12 December 2006
Indexing moving content
Fact is, the world has a way of throwing curve balls on a regular basis. For me, those curve balls include a family-wide influenza epidemic, teething babies, travel plans, and the like. Trying to keep a grip on life is like trying to catch fish with your hands.
Tonight I give a presentation about trying to index moving targets. I was surprised to discover that of all the presentations I've ever given, this was absolutely the hardest to write. In fact, I just finished a few minutes ago. I've taught three-day classes, with eight hours of material on each day, but this 45-minute presentation really stymied me. There are two reasons for this.
First, trying to index moving content is, no matter what, a mess. The simplest example of a problem is creating an index entry like "software development, 111-121," and then finding out that pages 111 and 121 have moved respectively to pages 113 and 123. With standalone indexing (where you type in the page numbers), the only real way to fix this is manually: go back and rewrite all your page numbers. It's a MESS. So here I am, hoping to provide some tips to indexers and technical writers, something to help them avoid these kinds of corrections -- only to realize that there's no good answer. (A bad answer is to not index at all. :-)
The second problem is that even if I did have a list of useful tools, they don't make for interesting presentation materials. The first draft of my presentation would have resembled a public reading of the weather report for ever American city, in alphabetical order: if you're lucky, you're interested in Albuquerque and Atlanta and can walk out early.
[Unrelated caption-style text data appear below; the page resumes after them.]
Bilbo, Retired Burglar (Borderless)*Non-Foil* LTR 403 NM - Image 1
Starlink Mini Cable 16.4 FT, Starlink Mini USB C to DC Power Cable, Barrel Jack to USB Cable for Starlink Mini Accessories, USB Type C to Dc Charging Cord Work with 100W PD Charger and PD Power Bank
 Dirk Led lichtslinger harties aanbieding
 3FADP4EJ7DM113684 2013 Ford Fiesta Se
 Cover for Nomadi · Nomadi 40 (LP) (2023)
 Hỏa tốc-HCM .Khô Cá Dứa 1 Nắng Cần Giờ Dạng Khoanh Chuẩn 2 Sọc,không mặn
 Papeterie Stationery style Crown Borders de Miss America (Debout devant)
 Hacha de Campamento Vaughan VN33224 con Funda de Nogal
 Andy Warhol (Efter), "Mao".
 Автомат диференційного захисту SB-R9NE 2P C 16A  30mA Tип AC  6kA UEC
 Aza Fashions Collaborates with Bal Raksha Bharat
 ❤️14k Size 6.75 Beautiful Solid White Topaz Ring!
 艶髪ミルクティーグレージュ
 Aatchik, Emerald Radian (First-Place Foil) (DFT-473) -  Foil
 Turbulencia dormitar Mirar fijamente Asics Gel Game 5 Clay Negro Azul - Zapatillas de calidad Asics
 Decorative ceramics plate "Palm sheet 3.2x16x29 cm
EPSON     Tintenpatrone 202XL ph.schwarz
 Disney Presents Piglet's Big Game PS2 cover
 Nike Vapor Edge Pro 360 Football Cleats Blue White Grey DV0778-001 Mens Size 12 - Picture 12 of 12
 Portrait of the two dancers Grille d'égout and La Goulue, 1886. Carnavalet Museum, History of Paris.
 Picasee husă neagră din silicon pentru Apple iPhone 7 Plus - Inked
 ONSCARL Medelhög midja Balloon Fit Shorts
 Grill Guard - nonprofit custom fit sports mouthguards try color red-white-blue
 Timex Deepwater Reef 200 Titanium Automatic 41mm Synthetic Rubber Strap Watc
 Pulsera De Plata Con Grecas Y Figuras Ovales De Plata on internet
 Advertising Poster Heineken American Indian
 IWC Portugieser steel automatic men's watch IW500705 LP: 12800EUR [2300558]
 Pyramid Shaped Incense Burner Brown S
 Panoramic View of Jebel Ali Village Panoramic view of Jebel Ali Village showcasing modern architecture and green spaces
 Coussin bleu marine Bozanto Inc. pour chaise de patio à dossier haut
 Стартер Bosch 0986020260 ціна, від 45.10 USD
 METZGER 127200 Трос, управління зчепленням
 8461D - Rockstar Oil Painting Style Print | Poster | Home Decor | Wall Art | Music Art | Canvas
The fact is, our growing reliable on live and custom information is wreaking havoc on the indexing world. It's becoming harder and harder to collate information in relevant chunks. Search will never do it; even if there were human beings out there developing controlled vocabularies, full-text search still retrieves a tremendous amount of flotsam. But creating keywords for something that won't live an hour seems kind of pointless, too. We're all just pounding sand.
I'm looking forward to what the participants have to say. Must we accept the false imprisonment of uncatalogued real-time information flow, or will writers finally catch on that indexers have an important role on the creation side as well?